==== Provided data ====
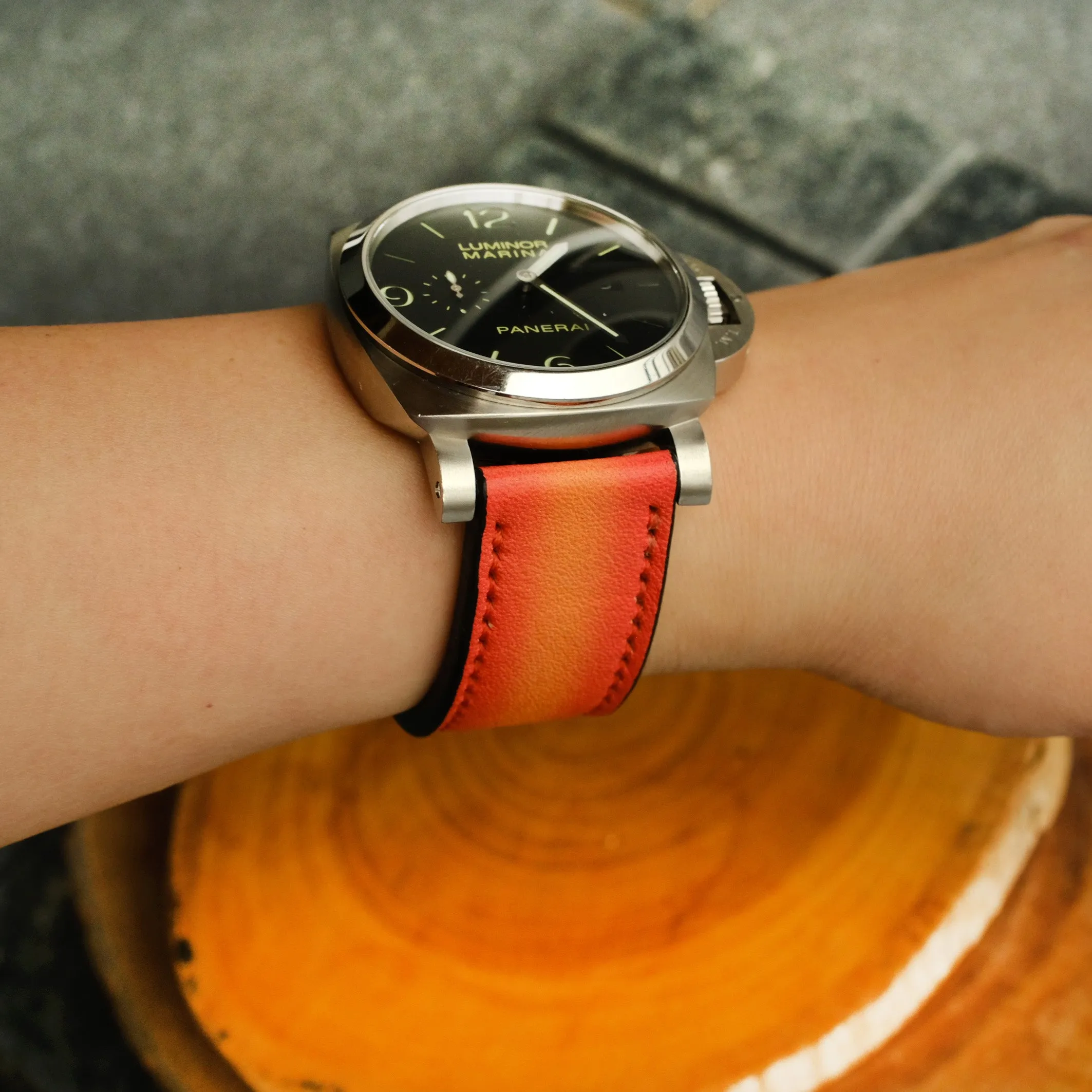 Burning Orange Leather Straps for Panerai By ruslieco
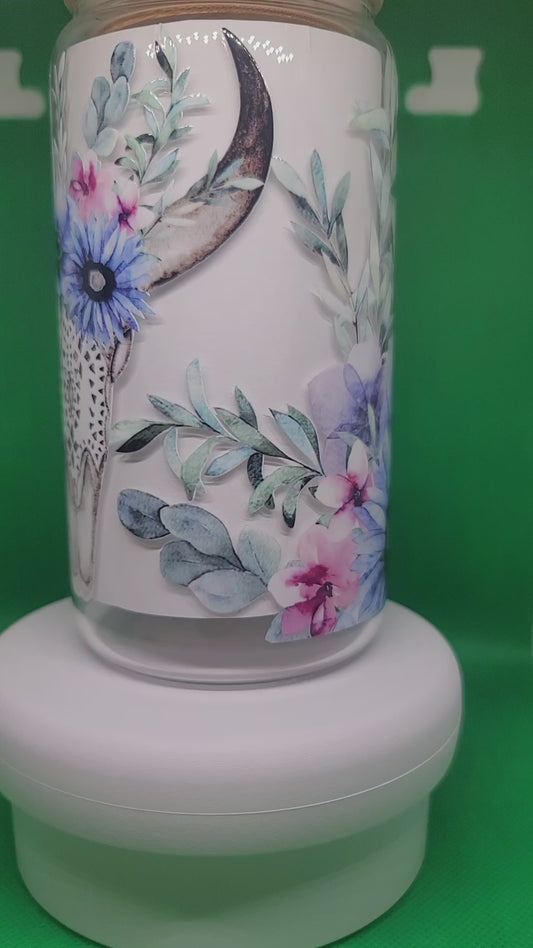 Floral Skull 16oz Glass Can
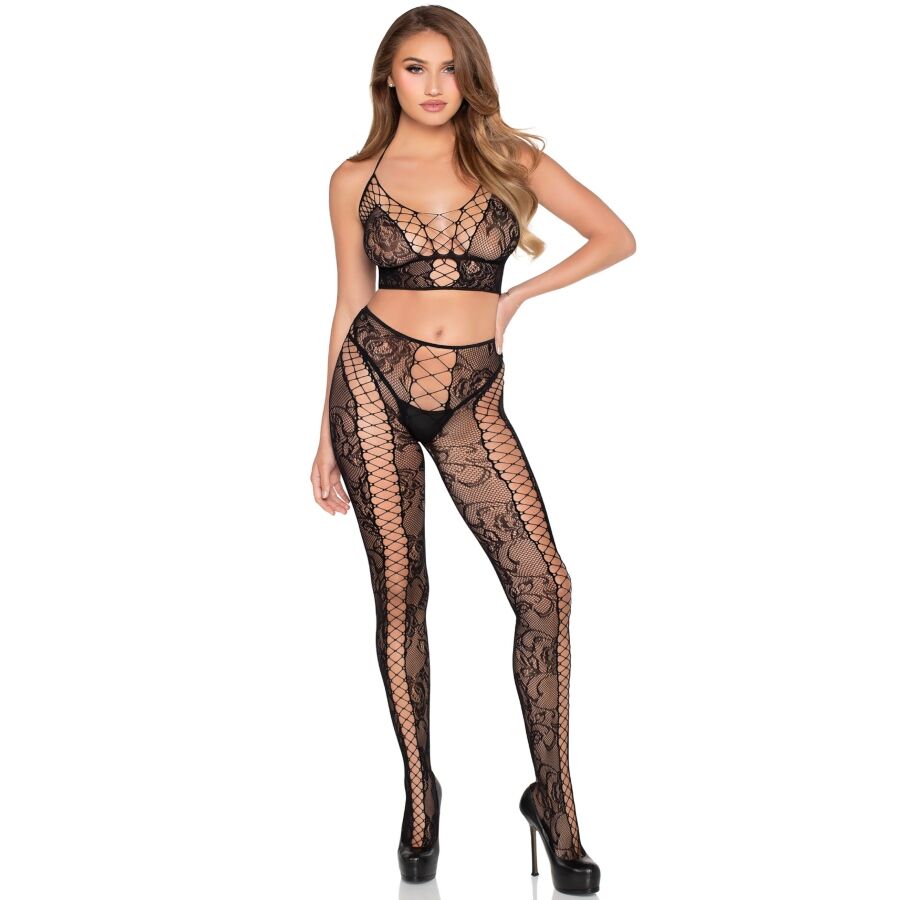 LEG AVENUE – 89368 NET & LACE CROP TOP AND TIGHTS BLACK – ONE SIZE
====
To do: Copy out the whole listing word for word, except for any picture it includes.

Finished task:
 Burning Orange Leather Straps for Panerai By ruslieco
 Floral Skull 16oz Glass Can
 LEG AVENUE – 89368 NET & LACE CROP TOP AND TIGHTS BLACK – ONE SIZE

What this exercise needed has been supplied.